The Recovery House of Worship
So The Recovery House of Worship was born to reach using addicts, recovering addicts, their families, and their friends. The Lord had saved us and called us to build a bridge between the rooms of recovery and the church. A church that understood the culture, language, and traditions of the 12 Steps Recovery community. In short, we needed to train missionaries to reach this untapped mission field that gather together in church basements all over the world. So we became those missionaries and began training others in evangelism. From the very beginning till the present, we are confronted with many objections from believers and here are some things we should consider.

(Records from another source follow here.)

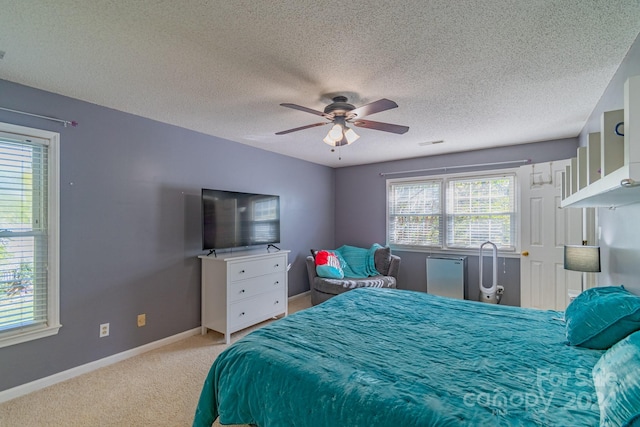 bedroom with a textured ceiling, multiple windows, and ceiling fan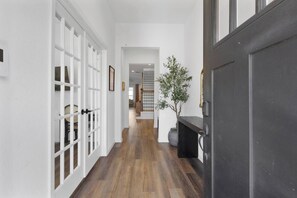 Un couloir aux murs blancs, doté d’un plancher en bois et d’une porte sombre. On y trouve une plante en pot et un tableau encadré accroché au mur.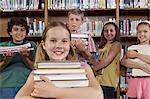 School children holding books in library, portrait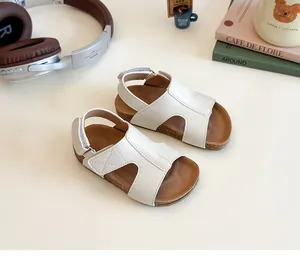 Detail view of white girls' sandals with velcro straps on a wooden table setup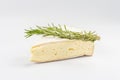 Rougette cheese with fresh rosemary isolated on white background Royalty Free Stock Photo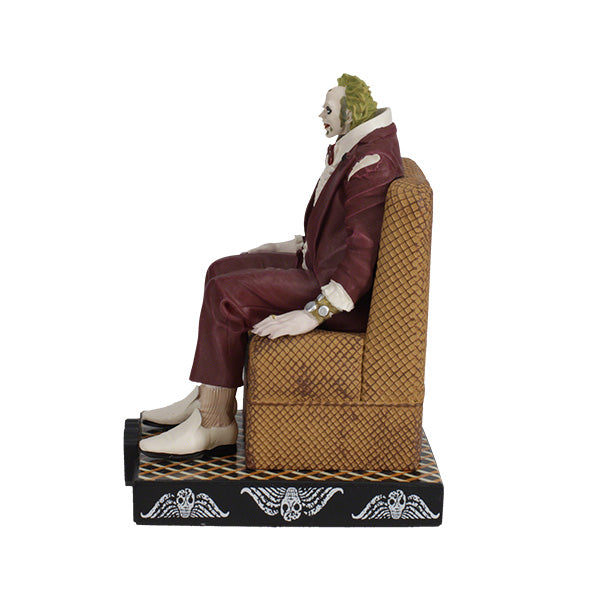 Beetlejuice Shrunken Head Bobblehead, capturing the iconic character with vibrant colors and fine detail, showcased in a collector's box.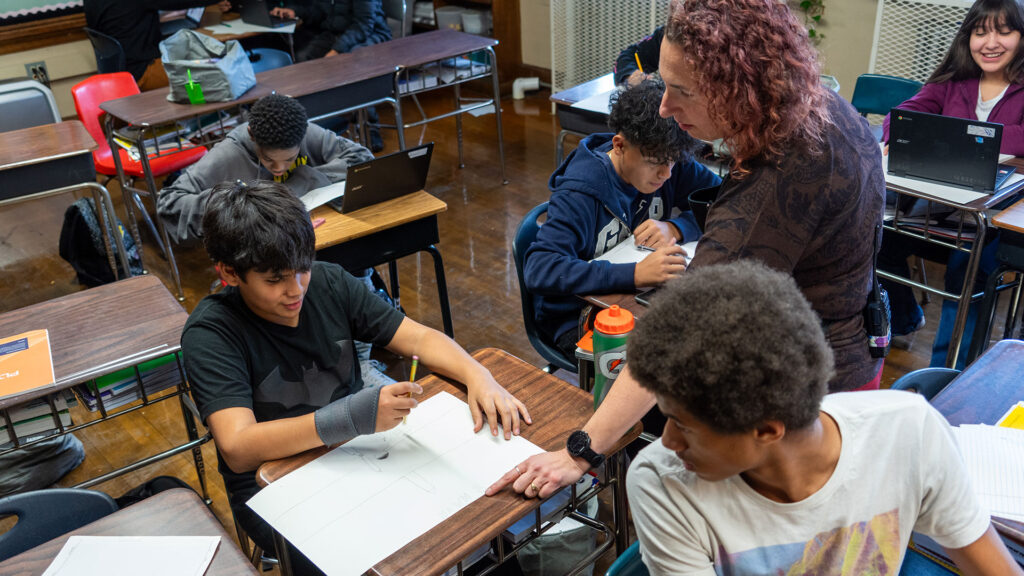 A teacher helps her students.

Over the years I've encountered some objections to the 12 Step Recovery program, and maybe you have as well. Here are some of the objections I've heard and how I have responded to them.
Dealing with Objections
1) We should stop attending 12 Step Recovery meetings because they are a cult, they don't worship Christ, and they believe in other gods or higher powers.

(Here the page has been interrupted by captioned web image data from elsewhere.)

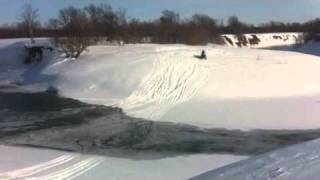 Snowmobile and river
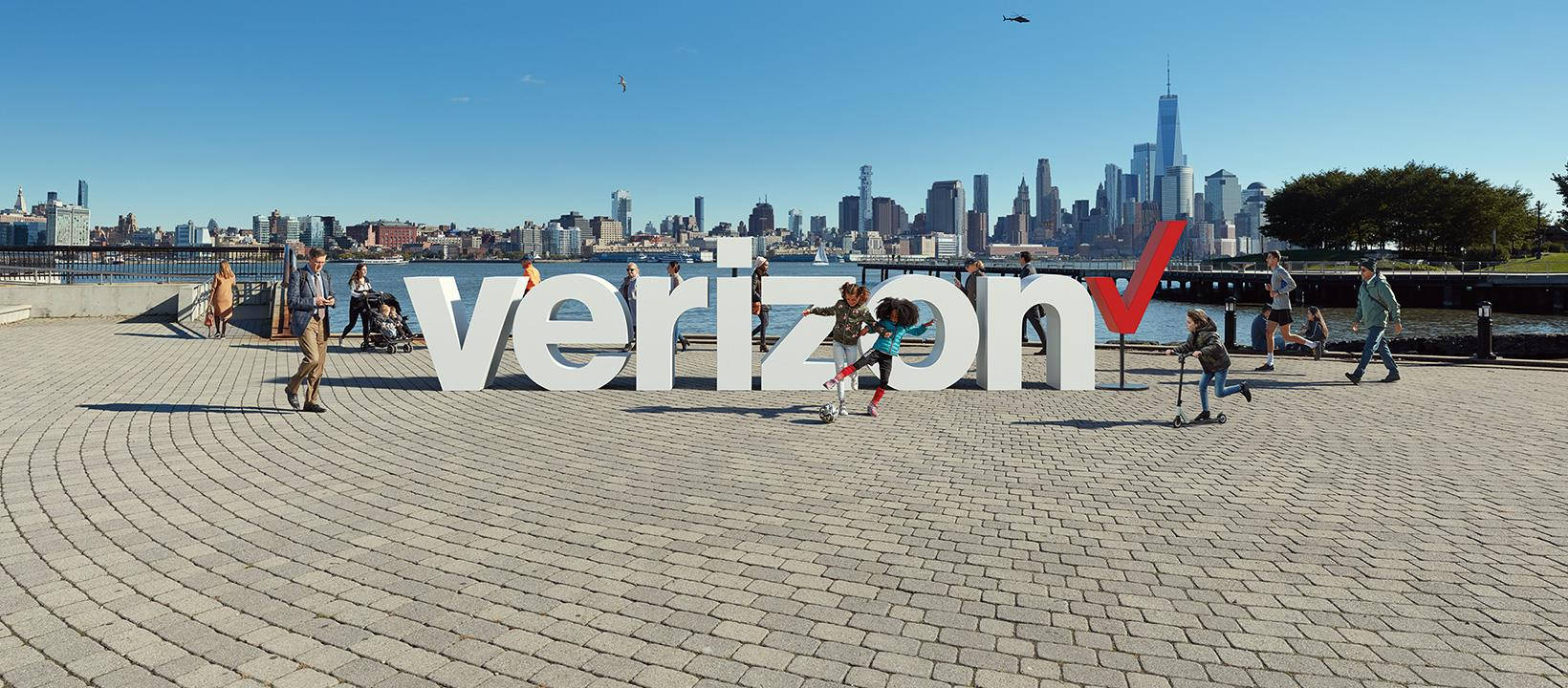 Verizon SLU 標誌 壁紙 — 人們在明亮的藍天和紐約市天際線背景下，圍繞著一個帶有紅色勾號的巨大白色Verizon標誌漫步和玩耍。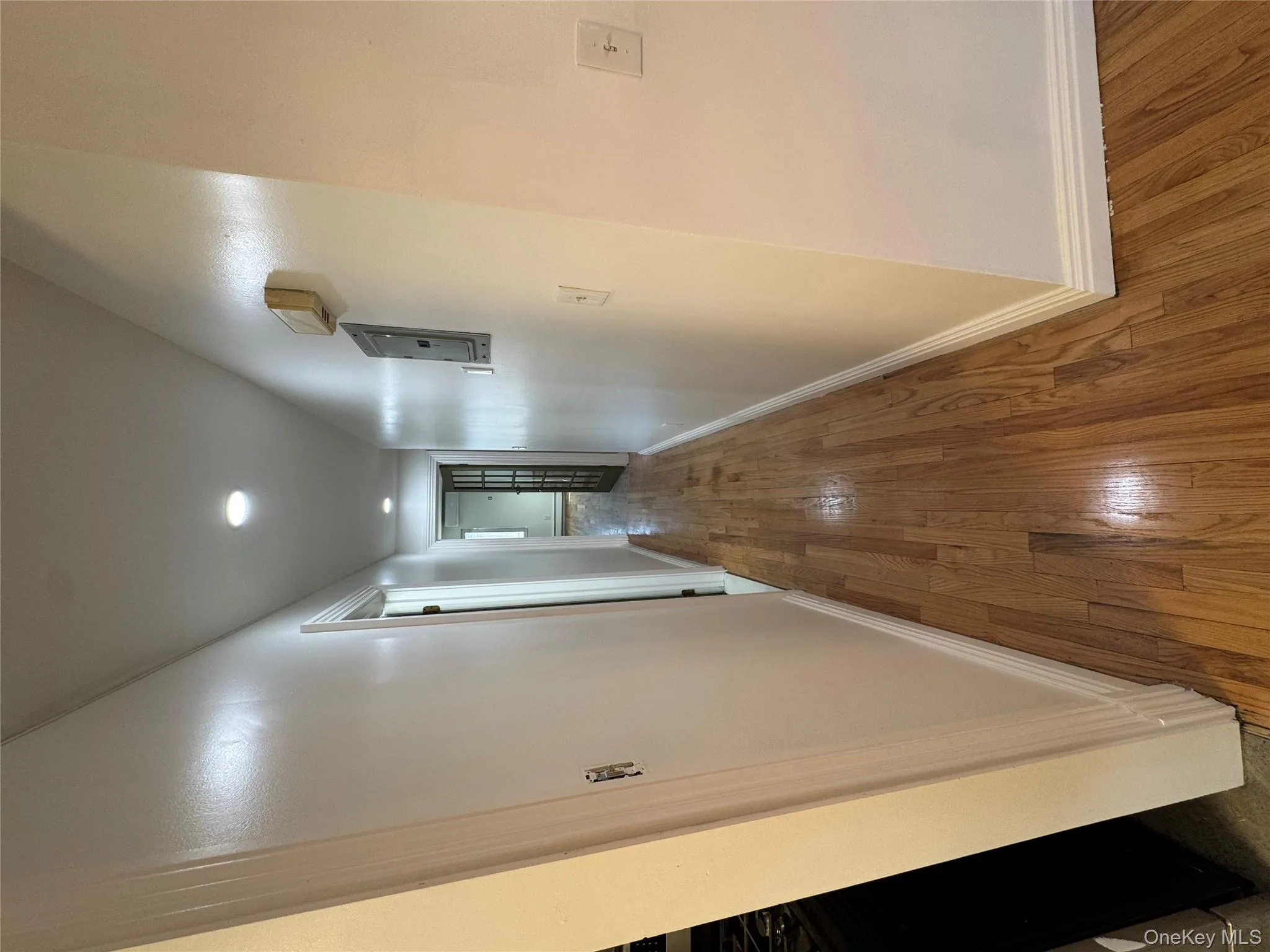 Hall with hardwood / wood-style flooring, recessed lighting, and electric panel Hall with hardwood / wood-style flooring, recessed lighting, and electric panel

We have never heard of a mission field that was gospel-centered, faming the name of Jesus prior to the missionary arriving. So because of this very objection we feel compelled to obey Christ in His command to us to go to all people groups and make disciples.

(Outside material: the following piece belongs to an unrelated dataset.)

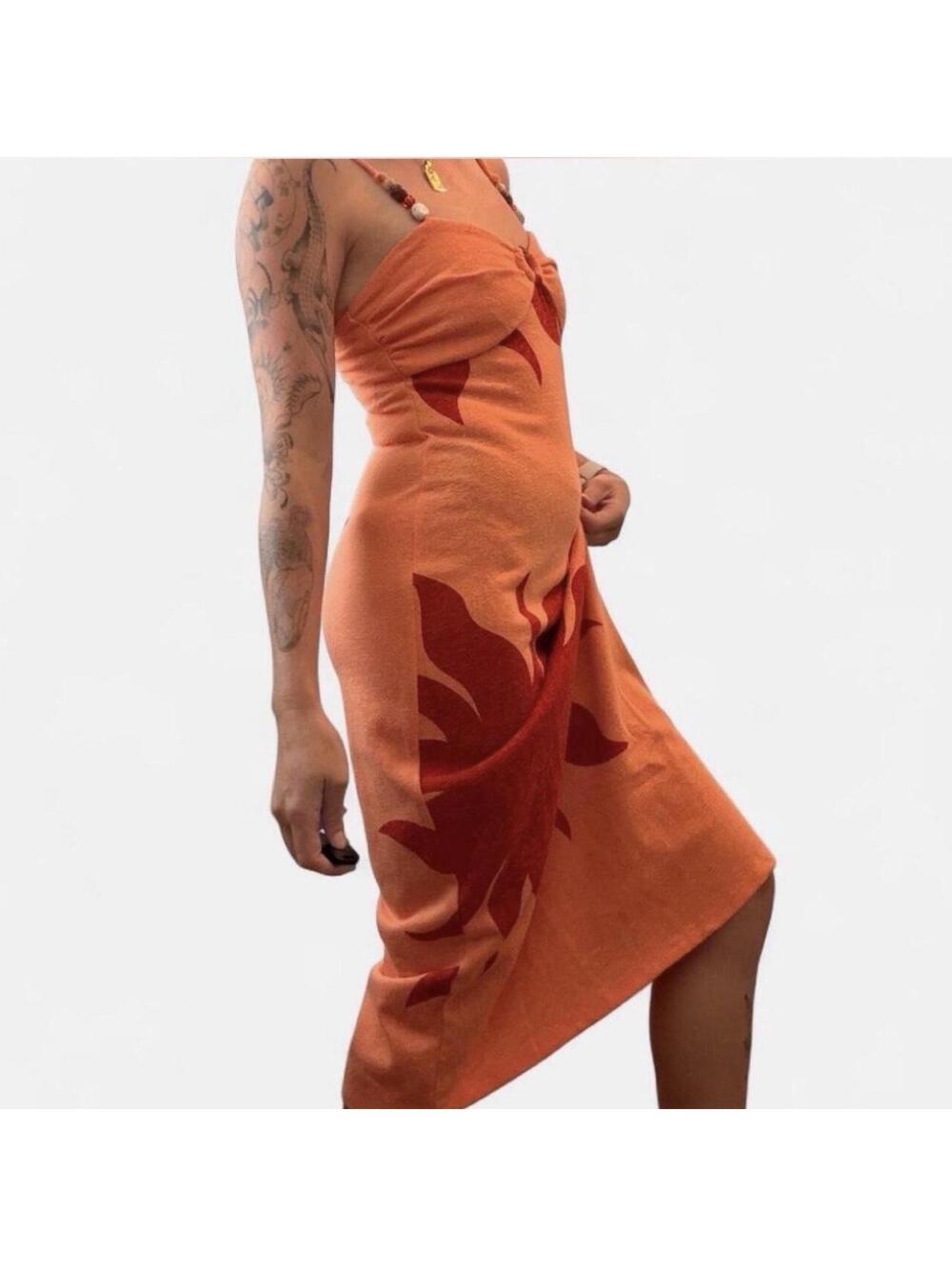 Old navy warm colored sun patterned dress with beads on the straps!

Because they are worshiping idols, because they are not faming the name of Christ, because they are worshiping other gods, because they don't know Christ or recognize the Bible as authoritative, we feel compelled and must "therefore go."
Also, if a Bible believing Christian can not stay clean and keeps drinking or drugging, why not go to 12 Step Recovery? Twelve Step Recovery meetings work! They did for me and many others. We dont have to embrace anyone else's beliefs or abandon our own. In fact after people get clean and sober, they can be a member of The Wolf Pack and begin to influence others at those meetings for Christ's sake. We can help train them so that when they attend the meetings to get the help they might need and be the salt and the light at the same time.
2) Words have power, and we have been set free, delivered, therefore we should not identify ourselves as addicts or alcoholics in the meetings, as it is a custom of doing.
The language in 12 Step Recovery meetings and Christian recovery meetings is very different. What 12 Step Recovery meetings refer to as alcoholism and addiction, Christian meetings refer to this as "flesh."
3) I don't need the meetings anymore—I got saved and baptized and I am attending church now.
We believe God in His sovereignty has brought us to the meetings with a plan and a purpose. He could have led you to a Christian program or performed a miracle, but God chose to bring you and me to a 12 Step Recovery program. Theres a reason, I think He is raising up people to reach this people group, and it's hard to reach a people group if you don't speak their language and if you offend their culture every time you come across them.
My prayer is that we would look at our perspective about the 12 Step Recovery programs and that we would see that people in recovery need to be ministered to. We don't have to compromise the truth of God's Word to attend and engage this people group.
I want to say one very important thing. If Christians who have left the 12 Step Recovery programs would get properly trained and go back into the 12 Step Recovery programs they used to attend, lives would be touched, families would be restored, and thousands would dine at the masters table because we did so. The harvest is plentiful, but the workers have abandoned the mission field.